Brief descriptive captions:
+++++

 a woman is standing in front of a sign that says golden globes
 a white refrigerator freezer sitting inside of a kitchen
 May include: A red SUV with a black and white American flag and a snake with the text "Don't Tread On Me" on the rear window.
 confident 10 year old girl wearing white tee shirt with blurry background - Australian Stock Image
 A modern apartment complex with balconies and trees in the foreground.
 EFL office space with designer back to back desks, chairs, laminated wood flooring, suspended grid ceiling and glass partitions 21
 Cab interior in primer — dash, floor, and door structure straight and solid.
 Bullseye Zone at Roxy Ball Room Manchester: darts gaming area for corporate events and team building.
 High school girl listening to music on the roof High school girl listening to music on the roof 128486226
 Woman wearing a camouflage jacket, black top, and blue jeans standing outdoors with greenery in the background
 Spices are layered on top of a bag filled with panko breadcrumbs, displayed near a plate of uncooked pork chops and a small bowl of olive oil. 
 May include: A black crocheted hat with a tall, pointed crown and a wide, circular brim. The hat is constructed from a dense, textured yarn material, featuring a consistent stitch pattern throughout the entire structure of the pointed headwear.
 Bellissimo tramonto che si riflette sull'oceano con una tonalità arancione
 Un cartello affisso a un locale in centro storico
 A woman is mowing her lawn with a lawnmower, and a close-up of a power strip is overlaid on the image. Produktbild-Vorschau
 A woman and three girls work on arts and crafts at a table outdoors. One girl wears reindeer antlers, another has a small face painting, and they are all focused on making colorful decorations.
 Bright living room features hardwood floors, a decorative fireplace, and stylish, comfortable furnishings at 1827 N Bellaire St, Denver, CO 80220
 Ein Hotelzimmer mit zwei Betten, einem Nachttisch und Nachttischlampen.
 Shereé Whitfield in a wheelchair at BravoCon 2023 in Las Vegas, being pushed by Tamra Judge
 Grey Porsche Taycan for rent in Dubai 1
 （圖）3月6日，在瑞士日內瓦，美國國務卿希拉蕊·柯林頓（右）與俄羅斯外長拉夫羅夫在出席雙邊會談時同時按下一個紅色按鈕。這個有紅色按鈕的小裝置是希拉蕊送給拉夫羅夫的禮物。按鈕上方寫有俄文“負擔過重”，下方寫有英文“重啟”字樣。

+++++

WHAT YOU ARE ASKED TO DO:
Examine the records and report how many lines contain the string "background". Only the number should be given.

REPLY TO THE EXERCISE:
2